The family arrived in Lakewood thanks to the generosity of an uncle, but only speaking French and the family’s indigenous language means the mom and the children “haven’t been able to communicate well,” she says. The mom was concerned because the language barrier had left her unable to find a doctor for her five children, and understanding what was occurring in the Head Start program was also difficult.
Having studied French from middle school through college, Williams then served three years in the Peace Corps in western Africa, which solidified her practical language skills. When she came to Lakewood, she volunteered to become part of the City’s translator list that staff members can call upon when they need support.
Head Start staff members asked Williams to facilitate a meeting with the mom, and the two made a connection almost immediately, staff members say. Williams “could tell right away the mother felt more at ease” speaking with her, as “someone who knew not just the language but her African culture,” she says.
Williams and the mom exchanged phone numbers, and she has extended her help on issues beyond the preschool meeting.

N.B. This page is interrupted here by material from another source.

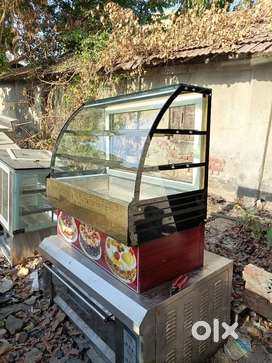 Normal display counter glass sada bakery food farsan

Humble about her involvement and genuinely excited to put her French to practical use, Williams has stepped in to help the family navigate complexities such as doctor’s appointments, Parent Teacher Association meetings and school paperwork.
As the family members continue to adjust to their new American life, the mother is enrolled in regular English classes while the children are looking forward to the start of school again this fall. Williams has continued to provide translations for documents and other items during her personal time, demonstrating a passion for helping her community above and beyond her regular job duties.